Volatile markets have made going public a tough option, but the region’s well-capitalized banks—which have full access to funding markets during the downturn—have been keen to put together funding for small or mid-sized deals. Bravida had net sales of 10.3 billion crowns ($1.49 billion) in 2010 and an operating profit of 621 million crowns. It employs 8,000 people and has offices in Sweden, Norway and Denmark.
Industry peers and potential buyers include players such as Imtech, a Dutch engineering group that owns Swedish installation services firm NVS, and French engineering group Spie. “They are definitely candidates,” a source said, though he added that there were also factors that spoke against the two.
Spie’s private equity owners could have difficulty getting financing while Imtech already has a sizeable presence in Sweden following recent acquisitions, the person said. Last year, Imtech bought Swedish electrical contracting and installation firm NEA, which employs 2,200 and had sales of 2.2 billion crowns in 2010.
Imtech has said it wants to grow substantially in the Nordic region. “The question is if they would want to do such a big acquisition,” said a source.
A person familiar with the matter said earlier this year that Spie’s owners wanted to take the company public in about three years after some planned bolt-on acquisitions in northern Europe.
Triton, which focuses on companies in the Nordics and in German-speaking parts of Europe, bought Bravida at the end of 2006 from Telenor and other principal shareholders after the Norwegian telecoms group decided to divest non-core activities.
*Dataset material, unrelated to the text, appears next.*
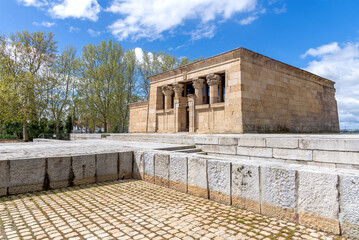 The Temple of Debod in Madrid, an ancient Egyptian monument, features two weathered stone pylons and the main structure, set on a stone plaza against a background of trees and a cloudy blue sky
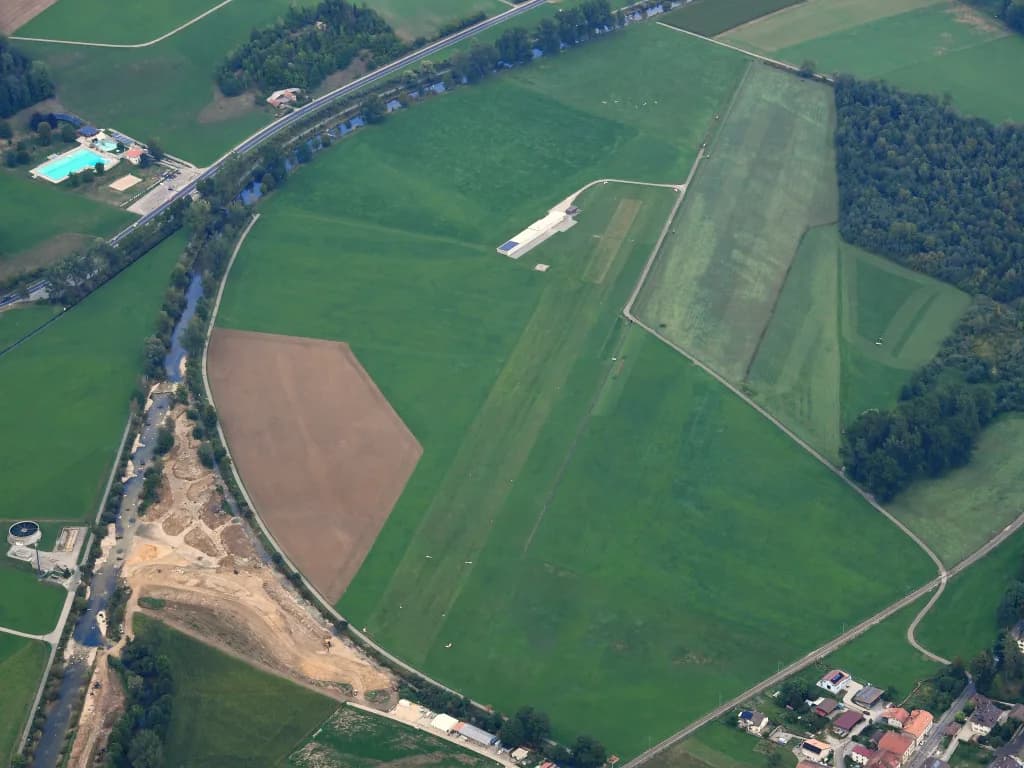 Aerial view of Môtiers Airfield airport infrastructure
Bravida recently won its largest contract to date—installing social networking site Facebook’s new data center in the northern Swedish town of Lulea. It is Facebook’s first such site in Europe and will serve more than 800 million site users.
Triton also recently appointed Deutsche Bank as financial adviser for a sale of Swedish specialty steelmaker Ovako, sources have said.
Private equity returns plummeted in the wake of the credit crisis as firms took large hits on companies bought between 2005 and 2008, prompting fears that many could collapse under the weight of their debt. But recent data from Thomson Reuters has shown medium-sized deals in the $400 million to $1 billion range returned almost 25 percent in the 12 months to end June, outperforming European indexes.
Triton was not available for comment.